The problem = The full listing, excluding its pictures, should be printed exactly as it stands.

Stored data =
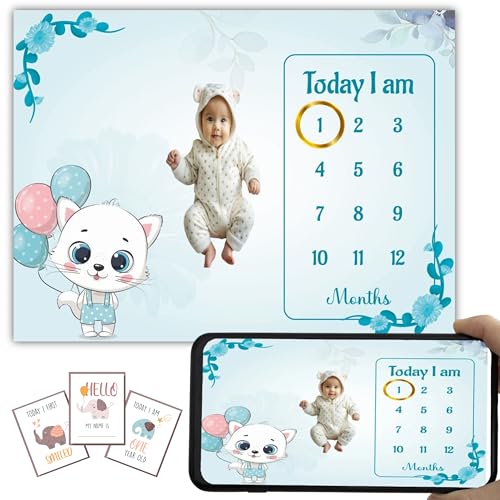 Image of Baby Monthly Milestone Blanket | 1-12 Months | Soft All-Season AC Blanket | Ideal for Newborn Boys & Girls | Perfect Growth Tracker & Photoshoot Prop with Balloon Kitty | 120x90 cm
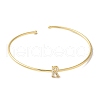 Rack Plating Brass Micro Pave Clear Cubic Zirconia Letter Open Cuff Bangles BJEW-A018-01G-R-2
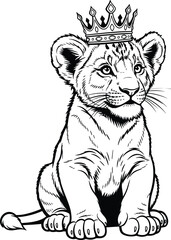 Majestic lion cub wearing a royal crown sitting proudly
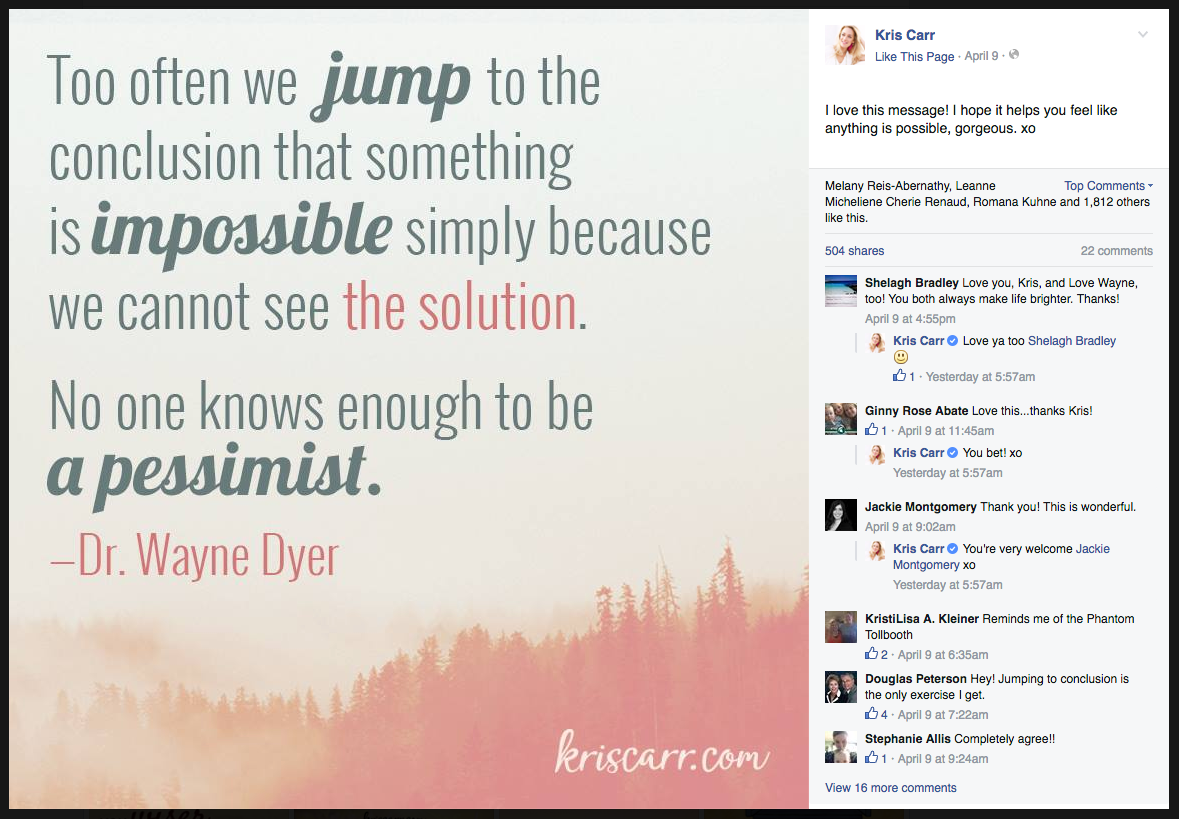 Kris Carr social media facebook affirmations Quotes inspirational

Answer =
 Image of Baby Monthly Milestone Blanket | 1-12 Months | Soft All-Season AC Blanket | Ideal for Newborn Boys & Girls | Perfect Growth Tracker & Photoshoot Prop with Balloon Kitty | 120x90 cm
 Rack Plating Brass Micro Pave Clear Cubic Zirconia Letter Open Cuff Bangles BJEW-A018-01G-R-2
 Majestic lion cub wearing a royal crown sitting proudly
 Kris Carr social media facebook affirmations Quotes inspirational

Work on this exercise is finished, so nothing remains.